Hm, entendi. Ah, eu acho muito legal (risos), em qualquer trabalho artístico, meu ou não, eu gosto quando eu vejo que a forma se relaciona com o conteúdo de uma maneira muito íntima. É uma coisa que tem ficado cada vez mais importante. Acho que é uma busca pra vida inteira: como fazer com que o seu meio e a sua mensagem sejam, um pouco, a mesma coisa? Que um reforce o outro, que um fale sobre o outro? Foi isso o que eu tentei fazer com esse disco. É engraçado porque, ao mesmo tempo, têm canções que são absolutamente irreconhecíveis, que você não consegue identificar as sessões de improvisação – como “Telepatía”, que mudou completamente e que, inclusive, tem pedaços de todas as canções, até aquelas duas que não entraram no disco – , mas “Dois Litorais”, por outro lado, foi uma que não mudou quase nada; fiz duas edições apenas, porque eu ouvi esse take que a gente fez e fiquei surpresa ao perceber que o que eu queria, a gente já tinha conseguido fazer ao vivo. É interessante porque não é uma resposta fechada, cada música teve a sua própria vida e trajetória.
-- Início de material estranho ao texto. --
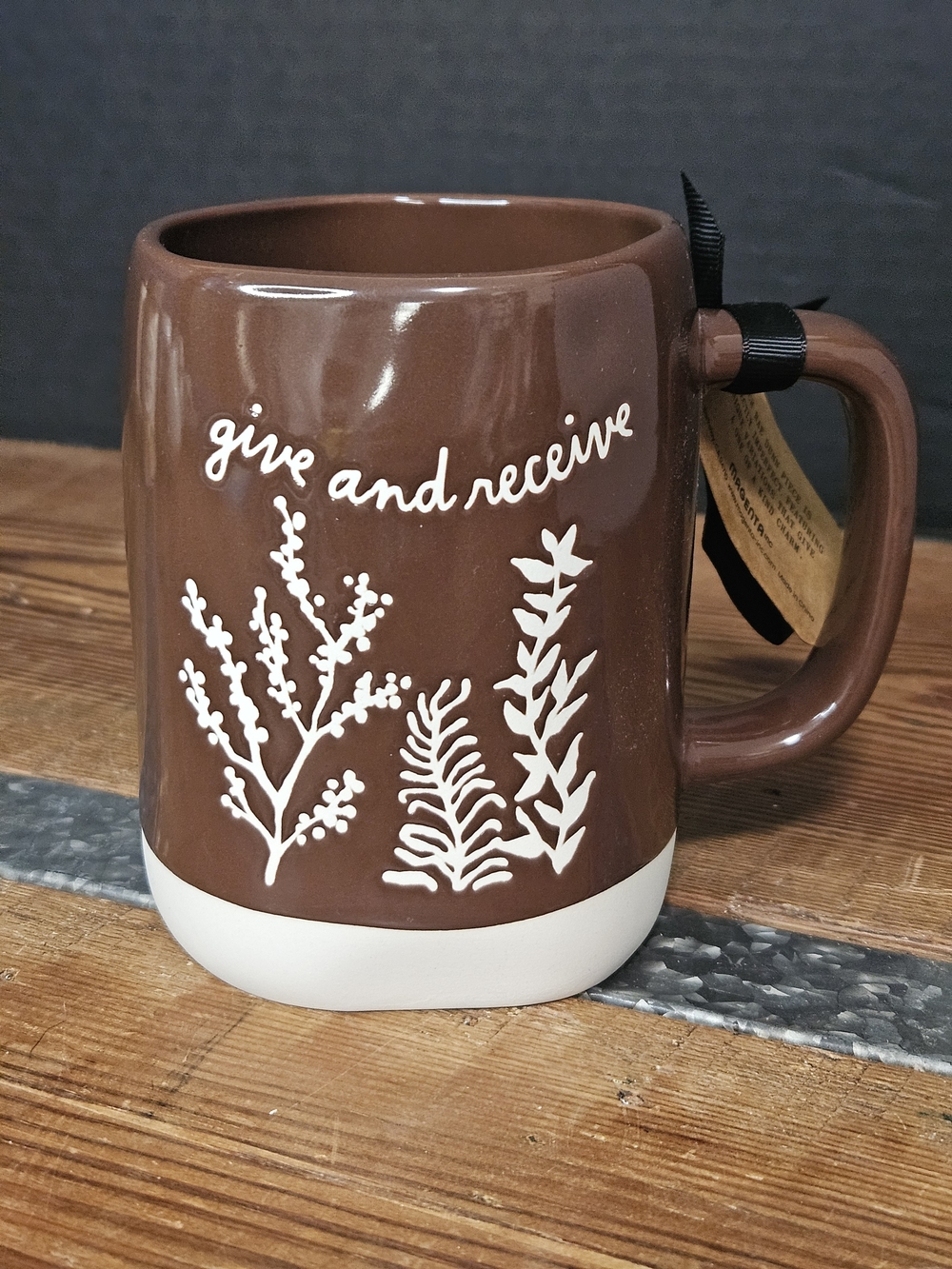 Rse Dunn Give and Receive Brown Ceramic Mug with White Botanical Design
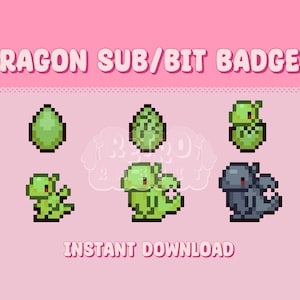 Op de afbeelding: Een set van vijf pixel art badges met een groene draak in verschillende stadia van ontwikkeling, van ei tot volwassene. De badges zijn gelabeld "Dragon Sub/Bit Badges" en "Direct downloaden".
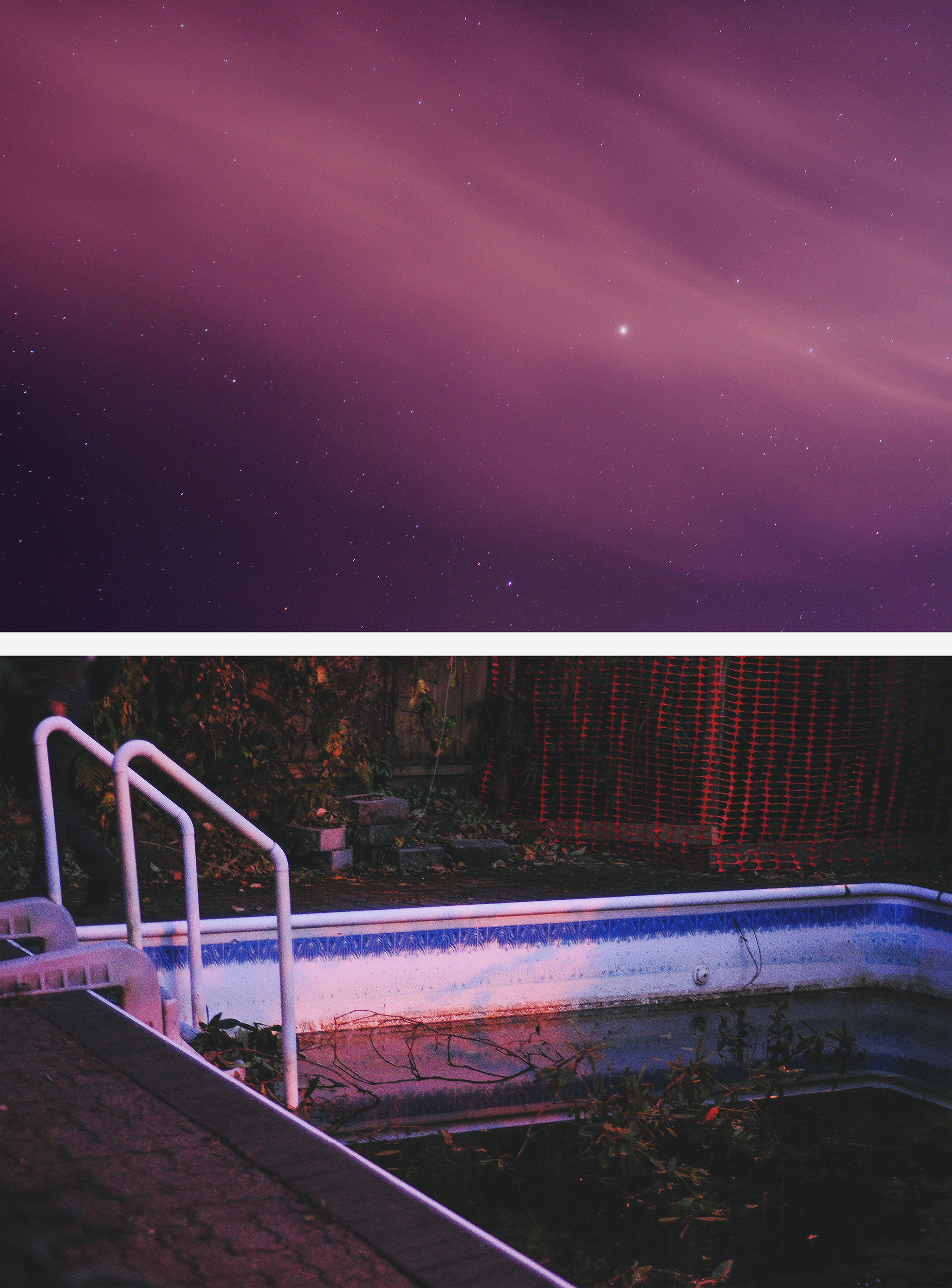 abandoned pool, summer stars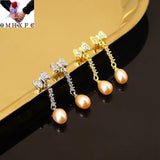 ER245 Elegant Pearl Bowknot Stud Earrings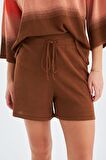 Peraluna SİRİ BLOUSE & SHORTS Yazlık Triko Kadın Şort Takım Somon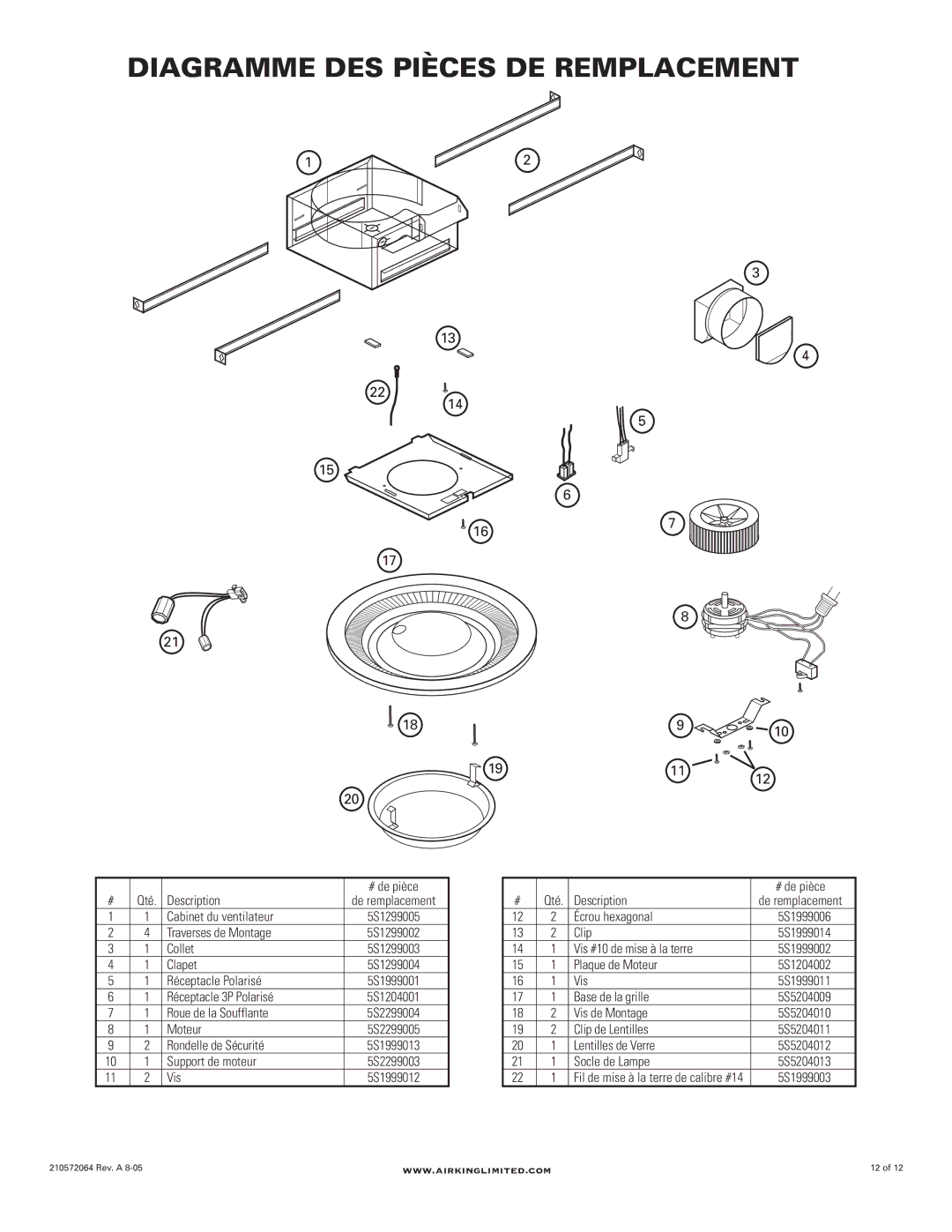 Air King DRLC107 manual Diagramme DES Pièces DE Remplacement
Bom, a capa de EROSÃO também nasce de um processo que incide no próprio título da obra e que foi feito em paralelo por você e a designer Maria Cau Levy. De onde vem essa sua vontade e disposição em se envolver em tantas frentes criativas diferentes em EROSÃO?
A capa foi um processo muito junto com a Cau e muito junto do disco. Acho que antes do disco existir, antes mesmo da gente fazer as sessões de improvisação, eu e Cau já estávamos conversando sobre essa capa. A gente passou por muitos estágios, vimos muitas referências, conversamos muito. Eu não consigo separar esse disco dessa capa, é uma coisa indissociável, são processos paralelos. É muito legal porque a gente chegou juntas em um resultado que parece que tem vida própria, parece que a gente chegou numa coisa na qual passamos tanto tempo fazendo, e que chegamos em uma coisa que gera outra. O processo da capa e do disco são paralelos, a Cau tentou fazer isso de também trabalhar com camadas que fossem se alterando umas às outras. Eu tenho muito orgulho do trabalho que a Cau fez, acho que ele foi realmente sensacional, espetacular.
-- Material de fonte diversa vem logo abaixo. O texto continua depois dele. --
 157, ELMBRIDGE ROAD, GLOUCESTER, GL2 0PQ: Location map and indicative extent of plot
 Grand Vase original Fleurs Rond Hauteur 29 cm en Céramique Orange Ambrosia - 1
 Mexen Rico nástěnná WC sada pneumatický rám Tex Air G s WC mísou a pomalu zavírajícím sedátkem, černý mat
Mariá, a erosão é um processo que altera quase que permanentemente a estrutura ou organismo que é atingido por ela. Como você, artisticamente, foi alterada por todo esse processo de EROSÃO?
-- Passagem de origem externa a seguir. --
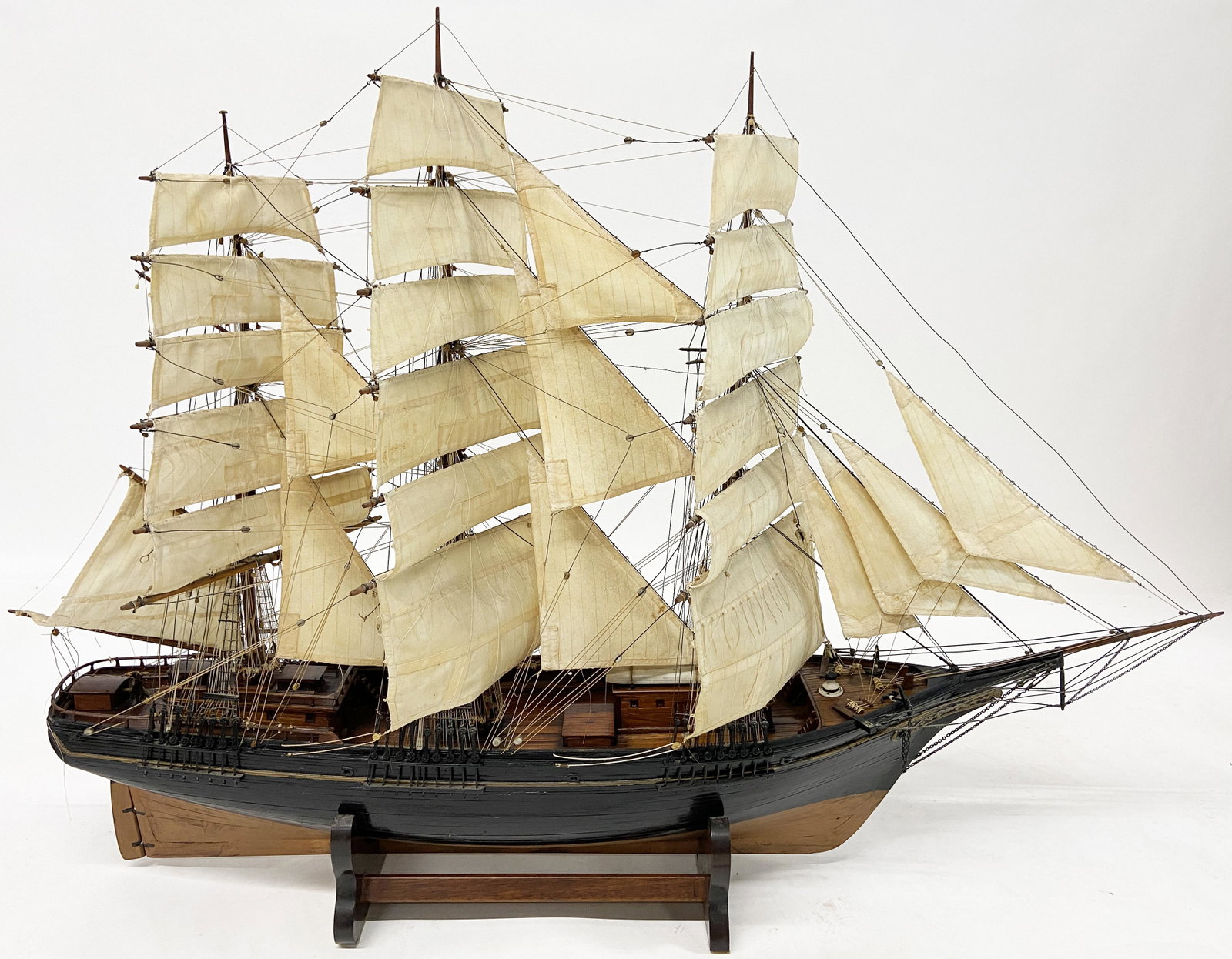 Outstanding, Intricate Wood Sailing Ship Model.: "Young America of New York". In Excellent Condition. Measures 47" Long and 34 1/2" High, including the Stand. Third-Party Shipping or Personal Pickup Required.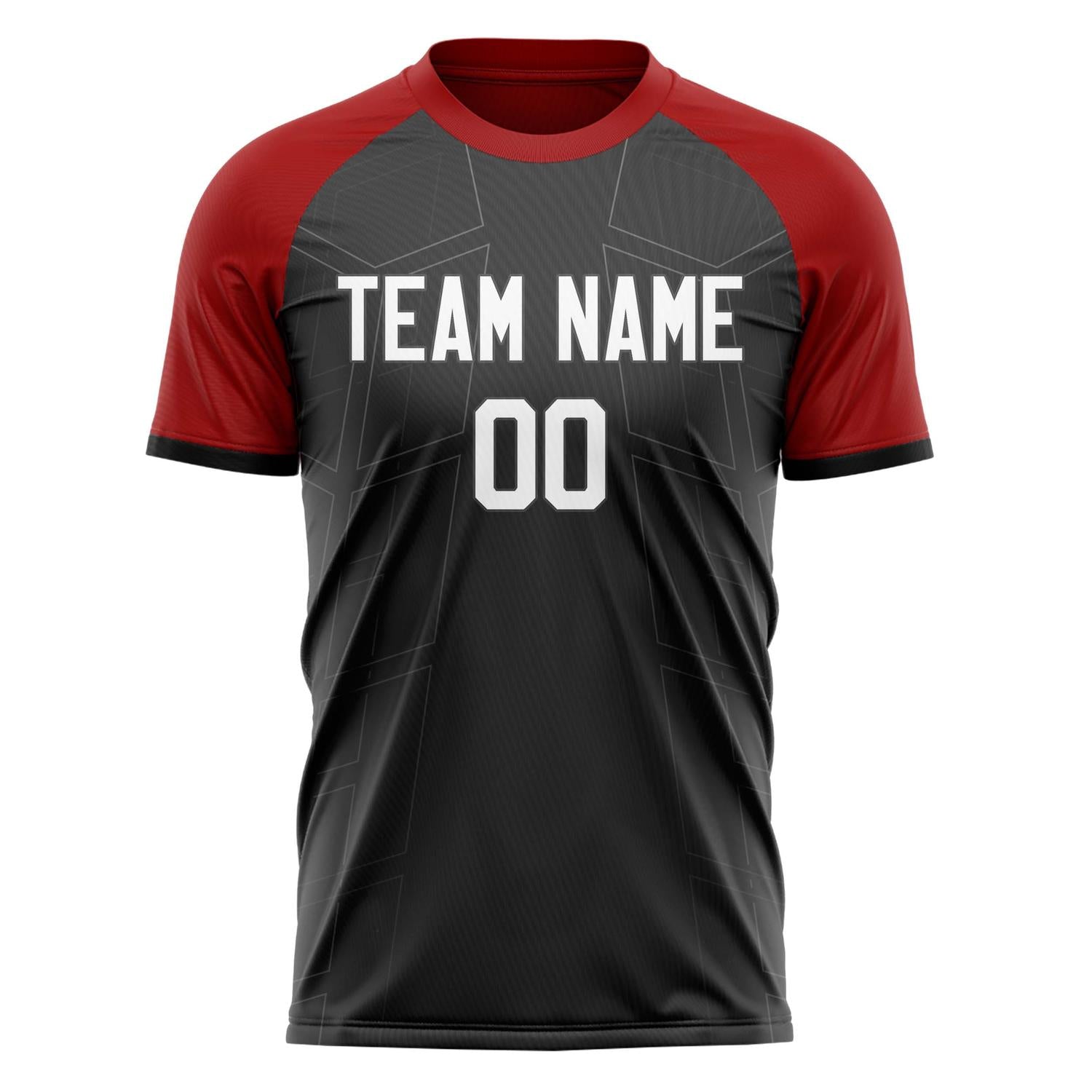 Custom Black Red Pattern Soccer Jersey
Boa pergunta… eu sinto que é um processo irreversível e que continua. Eu já tô pensando no meu segundo disco, por exemplo, e inevitavelmente acho que ele vai carregar as experiências desse primeiro, tanto as que não deram certo quanto as que deram. Tem um pouco de libertação em você ir erodindo as coisas. Você vai passando e destruindo as coisas, não no mau sentido, você destrói o que você construiu, mas pra chegar em um outro lugar. Pra mim era muito importante fazer isso com as canções, mexer nelas, manipulá-las, romper esse respeito que a gente às vezes tem com as nossas próprias canções, que é algo que às vezes distancia a gente, deixa a gente com medo de mexer. Esse disco me ensinou a pegar na mão e mexer. Agora, eu não quero fazer as coisas de outra maneira. Isso é o mais legal que tem! (risos) É tipo pegar pra si e transformar aquilo em outra coisa… é por aí.